Craig Clare
- Full name: Craig Denis Clare
- Born: 19 August 1984 (age 41) Palmerston North, New Zealand
- Height: 182 cm (6 ft 0 in)
- Weight: 92 kg (203 lb; 14 st 7 lb)
- School: Palmerston North Boys High School

Rugby union career
- Position(s): Fullback, Centre, Wing
- Current team: Wanganui

Senior career
- Years: Team / Apps / (Points)
- 2003–2012: Manawatu / 44 / (188)
- 2005–2006: Otago / 17 / (25)
- 2007: Highlanders / 4 / (0)
- 2009–2010: Viadana / 13 / (10)
- 2013–2014: Krasny Yar / 22 / (100)
- 2015: Bay of Plenty / 8 / (0)
- 2016–: Wanganui / 28 / (267)
- Correct as of 7 June 2020

International career
- Years: Team / Apps / (Points)
- 2005: New Zealand U21 / 1 / (0)
- 2017–2019: Heartland XV / 4 / (20)
- Correct as of 7 June 2020

= Craig Clare =

New Zealand rugby union player (born 1984)

Craig Clare (born 19 August 1984) is a New Zealand rugby union player who currently plays for Wanganui in the Heartland Championship.

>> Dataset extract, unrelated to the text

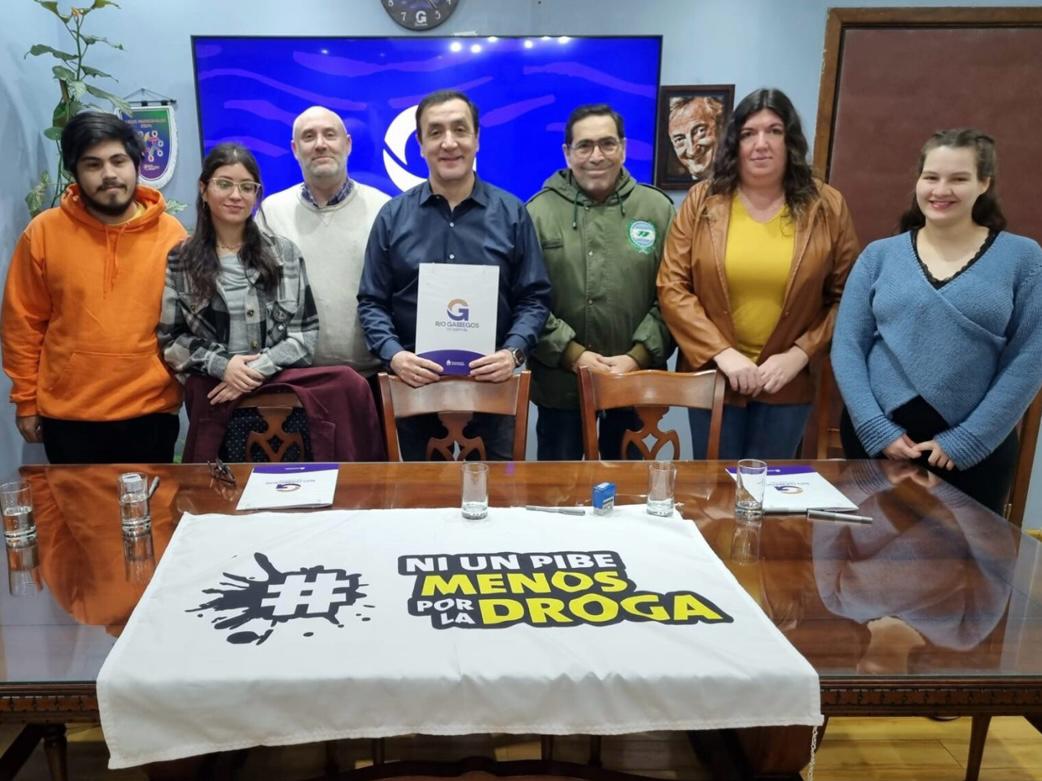 La Municipalidad firmó un convenio con el Movimiento “Ni un Pibe Menos por la Droga” para impulsar talleres comunitarios
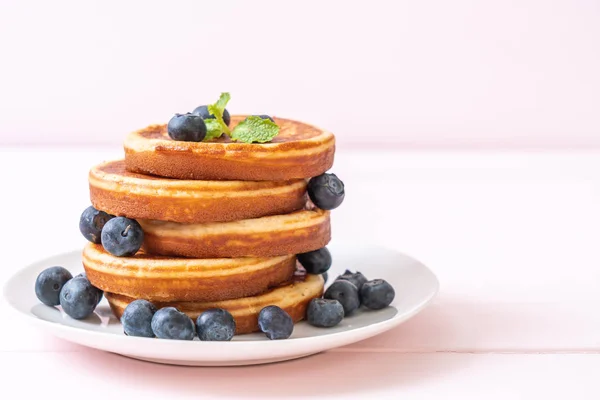 新鲜蓝莓酥煎饼 — 图库照片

He also played for the Highlanders in the Super Rugby competition, before a broken leg stalled his career and caused a long injury layoff.

==Playing career==

===New Zealand===

Clare made his debut for Manawatu in 2003, and spent two seasons with the province before transferring to Otago in 2005 in the hopes of earning a Super Rugby contract with the Highlanders.

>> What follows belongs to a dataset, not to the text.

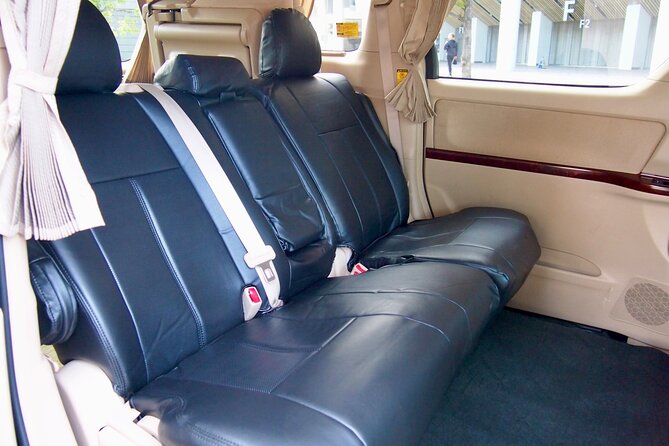 Airport transfer: Narita, Haneda (Tokyo), HND-NRT Airport shuttle - What the ride feels like in practice, from pickup to hotel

After a strong 2006, Clare was included in the Highlanders squad for the 2007 Super 14 season. Aged only 22, his Super Rugby career was off to a highly promising start as he started four of the team's first five games of the season. However, his career came to a crashing halt on 2 March, 2007 in a game against the Blues when he suffered a compound fracture to his leg. Clare's leg injury forced a two-year layoff from the sport, and he didn't play again until 2009.

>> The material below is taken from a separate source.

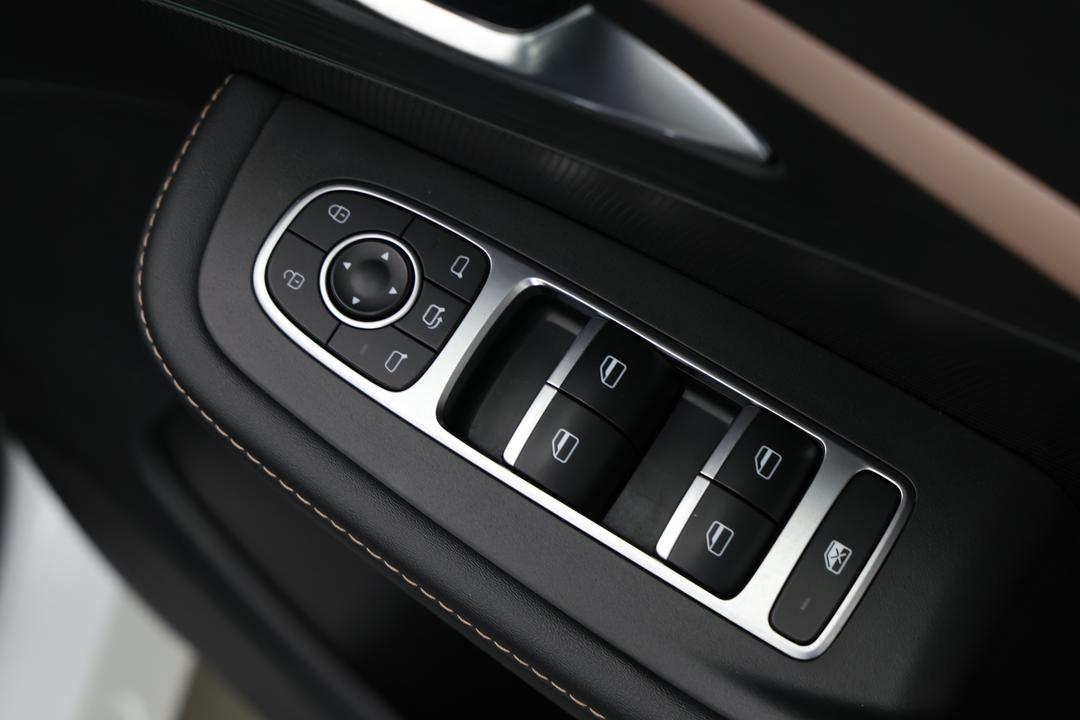 2023 Chery Omoda 5 Bx (basic Version), Automatic, 57251 km, Drivers Side Door Panel Controls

After a stint in Italy, Clare returned to New Zealand in 2010 and signed back with Manawatu. He proceeded to start all 13 games of the 2010 season for the Turbos, primarily at his preferred position of fullback.

Clare signed for Bay of Plenty in 2015.

He joined Heartland Championship (2nd tier) team Steelform Wanganui in 2016.

===Europe===

After a long injury layoff, Clare returned to high level rugby in 2009, signing with Rugby Viadana of the Italian Super 10 (now Top12). He enjoyed a solid season in Italy, but fell victim to import restrictions when the club joined the Celtic League as Aironi.

Clare spent the 2010–11 season with Spanish side Bera Bera RT before returning to Manawatu again for the 2011 provincial campaign in New Zealand.

In 2013 he signed with Russian club Krasny Yar on a 6-month contract.